牧天枢揉揉被捶痛的肩头,凑到封墨恭身侧:“我朋友,封墨恭。我爹让我送表妹入宫,他跟我一起来的。”
信陵公主歪头:“表妹?现在在得月宫那个?”
牧天枢点头,忽然发觉情况不太妙——信陵公主爱玩好闹,对前朝后宫的大事小情没有半点兴趣,她怎么会知道苏青黛在得月宫?除非有什么事情让她不高兴了,否则她绝对不会如此在意一个陌生人。
果不其然,信陵公主马上沉下脸色气哼哼道:“原来是你表妹啊!你们家怎么没一个好东西?上次父皇答应好要陪我一起去打猎的,就因为她突然回都城,害得我只能一个人去玩。”
“不是……她是她,我是我,你讨厌她不能算在我家头上啊!”牧天枢千万个委屈,“我还不想送她来呢,这么好的天气,干点儿什么不必在这里枯耗着强?”
牧天枢话音甫落,有一道声音淡淡穿插而来:“去前我分明说过,表兄不必在此等候。”
内宫重地,严进严出,朝南就这么一道小门;三人所在花园正对门口,一般往来出入的人都看得清楚,是而牧天枢怎么也没想到,自己一番推卸责任都抱怨竟被突然出现的苏青黛听去。
脸皮再厚,牧天枢好歹还知道什么叫尴尬,忙侧身回头解释:“我不是这意思。这不是怕你回去找不到路吗?你是我表妹,我总不能丢下你不管啊!”
苏青黛当然不会信他鬼话,但也没有当面揭破,只付之一笑。
看傻瓜一样怜悯笑容。
突兀冒出个大活人,信陵公主也愣了愣,得知面前的人就是苏青黛后立刻提高音量,故意摆出趾高气扬模样:“你就是苏青黛?寄养在牧天枢家那个?”

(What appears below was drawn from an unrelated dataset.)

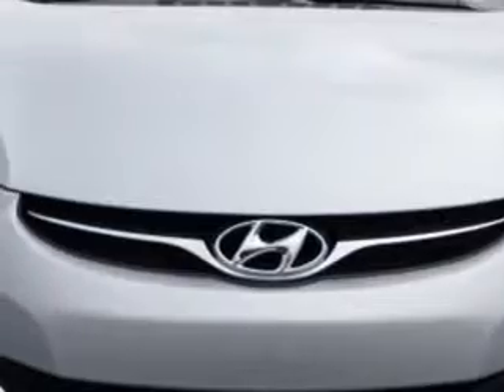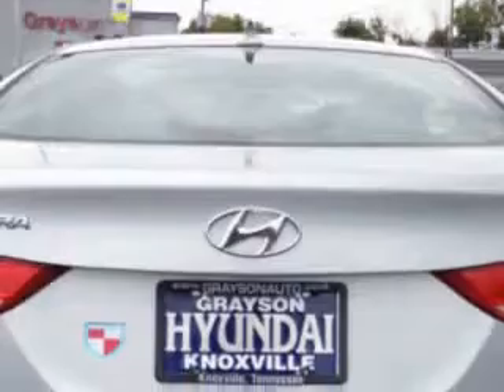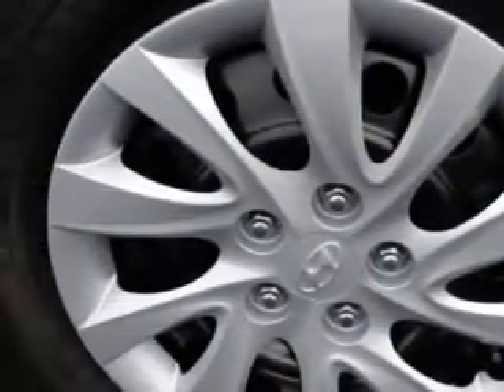Check out this Radiant Silver 2011 Hyundai Elantra GLS, equipped with a 4-cylinder engine and an automatic transmission. Enjoy an exceptional 40 miles to the gallon on this great car, with features like a CD player, satellite radio, on-steering wheel audio and cruise controls, and fuel data display.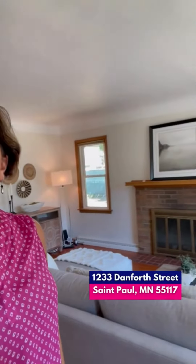This is 1233 Danforth. It's going for $260,000. It has two bedrooms, two baths, two car garage, and it's on a double lot.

连牧天枢都听得出这话是在故意贬低苏青黛身份,可苏青黛并未追究,一副对信陵公主的质问充耳不闻的态度,目不斜视往出宫的小路上走去。向来被当做明珠般的信陵公主第一次被如此无视,登时感觉颜面扫地满心恼火,咬着牙一跺脚,心一横,抽搐腰间别着的三节鞭就朝苏青黛后背挥去。
牧天枢瞠目结舌,变调一声惊呼:“别——”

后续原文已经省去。